Refrigerator Repair Guide Part 1

Your refrigerator is probably the most important appliance in your home. It works continually, unobtrusively, and sometimes silently for 24 hrs each day. It needs very little maintenance, and can go on operating for years before anyone bothers to pay any attention to it. However, occasionally, it can breakdown, and when it does, there can be some very serious consequences.

If you have ever experienced a malfunction or breakdown of any appliance, you can readily appreciate the fact that refrigerator repairs can be costly. If it remains impaired for an appreciable length of time, the cost of replacing spoiled food can add even more than monetary costs. You now get the added inconveniences, along with more aggravation and frustration.

You can save yourself some money, aggravation, frustration and food, if you know how to repair your refrigerator yourself, but the key is gaining the right knowledge. Refrigerator repairs are not difficult, and with a bit of patience, you can soon realize that no special skills are needed.

You may not know all there is to know about repairing refrigerators, but having the knowledge, and  the right attitude can get you started, and it can also give you the confidence needed to complete the job.Knowing the basic operating principles, can go a long way to help you gain the confidence needed to make the necessary repairs.

There are two main components to the refrigerator. These are the condenser and the evaporator coils.

refrigerator imgA motorized compressor circulates a liquid coolant through these coils. In the condenser, the refrigerant is cooled and then sent to the evaporator, where the coils are brought into contact with air.

The cooled air is then circulated in the freezer, and throughout the refrigerator. If you look on the back on the outside of your refrigerator, you can see the condenser coils, while the evaporator coils are on the inside.

Almost all refrigerators produced today are frost free. These units all contain a very low heating element, that  is responsible for melting the frost at strategic positions,  to prevent build up in the freezer.

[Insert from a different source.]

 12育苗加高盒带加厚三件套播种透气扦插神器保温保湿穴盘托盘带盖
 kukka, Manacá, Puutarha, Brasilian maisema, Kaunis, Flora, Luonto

The heating is automatic, and thermostatically controlled, so that is does not interfere with the freezing process, The heating is switched off when the frost is melted, so that a constant temperature is maintained in the freezer section of your refrigerator.

The other important parts of the refrigerator are the motor, the compressor, thermostats, switches, condenser, and the fans that are used to help air circulation in the system.  With the right knowledge, many of these parts can easily be replaced as a Do-It-Yourself project, however, with the more critical components, or jobs that require special knowledge, it is best to engage the services of professionals.

Before beginning work on any electrical appliance, there are a few precautions that are absolutely necessary.

You must ensure that your unit is unplugged. Even after unplugging the unit, you should not begin work before checking the motorized condenser. The condenser will usually be a capacitor type which retains charge, even after it is unplugged. The capacity which is usually on the top of the motor, must be fully discharged, in order to reduce the risk of electric shock from stored charge.

To reach the capacitor that looks like a large dry cell battery, you may need to remove the panel covering the back of the refrigerator, or it may also be accessed by removing the front panel beneath the front door of the unit. The location will depend on the make and model of your refrigerator.

The capacitor will normally be located in an assembly that sits on the top of the motorized compressor, and may sometimes be indicated by the amount of charge that it is capable of storing. Some care must be exercised when handling the capacitor.